One of the most irritating (though not the most serious) problems with cocaine is that one is forced to adopt either a gratuitously smug attitude (“Relax, it’s just cocaine”) or a scandalized, possibly naïve one (“I can’t relax—it’s cocaine”). You are perfectly within your rights to revisit the conversation with your friend and tell her you were too taken aback in the moment to say anything, but you were surprised by her announcement that she’d been doing cocaine during the fundraiser and that it made you question her judgment. You can certainly ask if this happens at home, although I very much doubt she’s loose-lipped enough to say, “Yeah, sometimes we do a little coke when we’re babysitting your kids, but if it bothers you, I’ll wait until someone picks them up.” If she’s otherwise been reliable and attentive when she’s with her kids and yours, I don’t think you need to start worrying that it’s all been a mirage. It’s possible that she displayed momentary bad judgment about drug use without necessarily being in the throes of addiction and a danger to herself and others. But you can decide that, at least for a little while, you’d rather the kids play together at your house where you can keep an eye on them yourself.

Dear Prudence,
I am an owner of a small coffee drive-up. I am a hands-on owner and work hard. I have a small staff that works with me.

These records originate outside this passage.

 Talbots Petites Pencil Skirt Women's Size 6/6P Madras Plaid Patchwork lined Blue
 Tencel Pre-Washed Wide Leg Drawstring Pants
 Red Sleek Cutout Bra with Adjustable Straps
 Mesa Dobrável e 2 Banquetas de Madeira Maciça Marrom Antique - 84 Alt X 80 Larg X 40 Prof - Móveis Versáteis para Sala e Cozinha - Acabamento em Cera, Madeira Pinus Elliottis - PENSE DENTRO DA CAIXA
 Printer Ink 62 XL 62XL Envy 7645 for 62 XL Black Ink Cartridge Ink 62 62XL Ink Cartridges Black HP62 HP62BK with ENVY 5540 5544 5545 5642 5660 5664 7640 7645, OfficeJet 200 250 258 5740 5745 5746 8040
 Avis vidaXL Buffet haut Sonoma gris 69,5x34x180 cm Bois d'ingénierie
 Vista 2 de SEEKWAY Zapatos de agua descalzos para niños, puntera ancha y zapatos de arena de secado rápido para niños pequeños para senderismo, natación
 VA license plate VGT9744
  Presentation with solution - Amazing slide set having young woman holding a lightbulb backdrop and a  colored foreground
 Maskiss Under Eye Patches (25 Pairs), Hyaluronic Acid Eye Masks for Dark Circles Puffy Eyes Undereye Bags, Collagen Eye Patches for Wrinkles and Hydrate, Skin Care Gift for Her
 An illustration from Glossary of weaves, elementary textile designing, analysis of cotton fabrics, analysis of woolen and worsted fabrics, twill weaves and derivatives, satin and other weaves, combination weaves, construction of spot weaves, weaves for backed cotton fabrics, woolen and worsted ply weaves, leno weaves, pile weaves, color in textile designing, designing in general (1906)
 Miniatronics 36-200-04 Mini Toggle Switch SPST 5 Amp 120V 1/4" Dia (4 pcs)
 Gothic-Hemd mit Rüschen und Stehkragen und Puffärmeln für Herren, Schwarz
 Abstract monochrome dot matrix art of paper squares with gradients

If I am working side by side with my employees doing 60-plus percent of the work and a customer puts a tip in the tip cup, should it be solely the employees’ tip, or can I, as a proprietor, morally take a share of the tip? I wait on the customers at the same time with my employees. I feel entitled to an equal share. It’s not like I’m rich and greedy, but …
—Tips

Do you pay your employees less than minimum wage with the understanding that they’ll make up the difference in tips? Do you yourself make more than minimum wage? How familiar are you with the Fair Labor Standards Act and the 2018 amendment that states, “An employer may not keep tips received by its employees for any purposes, including allowing managers or supervisors to keep any portion of employees’ tips, regardless of whether or not the employer takes a tip credit”? Do you believe your ability to sell the company, fire any of your employees, cut their hours, or otherwise hold their professional futures in your hands puts you on a different footing? How do you think adding yourself to the tip pool would affect employee morale? There’s a lot of potential here for things to go wrong professionally and legally, and I really don’t think the extra couple of bucks an hour you stand to gain would outweigh the downsides. Content yourself with being the owner, and let your hourly employees keep the tips.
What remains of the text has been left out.